Las palabras correctas para decirse a sí mismo

Cada uno de nosotros es el escritor de nuestra vida: gracias a las palabras, el “escritor” que somos puede dar forma a una historia, pero hay que tener cuidado, porque dependiendo de quien elija su historia hará sus días más agradables o llenos de incomodidad. No es casualidad que en todas las tradiciones antiguas la palabra sea considerada creativa. Las palabras son como semillas y cada vez que hablas contigo mismo es como si las estuvieras plantando en el suelo de tu alma. ¡Cada tierra quiere sus propias plantas, así como cada alma quiere sus propias palabras! Si dices “ahora me siento mal”, porque observas la presencia de una emoción dentro de ti en ese momento, usa las palabras correctas. Pero cuando dices que se convierte en un hábito, “Siempre estoy enfermo, siempre he estado enfermo”, es como si estuvieras amplificando tu malestar, como si lo estuvieras cultivando dentro de ti mismo. Ningún estado interno perdura alternando diferentes emociones, mientras que si te fijas en una se convierte en una etiqueta que ya no te deja: “Yo soy el triste, aquí no encontrarás nada más”. Para entender si estás usando las palabras correctas, simplemente escúchate a ti mismo. Durante el día, presta atención a las frases que te dices a ti mismo: ¿son siempre las mismas, reflejan siempre la misma actitud hacia el mundo?

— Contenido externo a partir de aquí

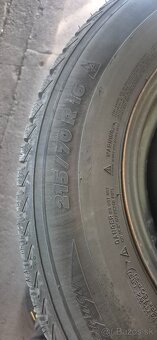 Predám zimný komplet 215/70R16 na toyotu RAV 4. - 5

Si siempre te dices las mismas cosas a ti mismo, significa que estás inmerso en una atmósfera mental estática.

A veces las palabras se vuelven pesadas… Platón, el gran filósofo griego, declaró que las palabras que decimos entre nosotros constituyen “el diálogo silencioso del alma consigo misma”. Hay dos tipos de diálogo: uno abierto, basado en expresiones auténticas y espontáneas que expresan las emociones que sientes, y el otro cerrado, que se basa en palabras repetitivas, siempre las mismas, dictadas por una forma estática de pensar de la que te has convertido en prisionero. Por ejemplo, si en una situación molesta en la que pudieras haber contestado, te quedas callado, pero luego pasas la siguiente media hora repensando: “He aquí, yo siempre me pongo los pies en la cabeza, no puedo hacerme contar, ¡debería haberte dicho cuatro! Este es el caso clásico del diálogo cerrado y repetitivo, condicionado por el pasado y la peor manera de hablar contigo mismo, porque no te permite enfrentarte a las situaciones de la mejor manera.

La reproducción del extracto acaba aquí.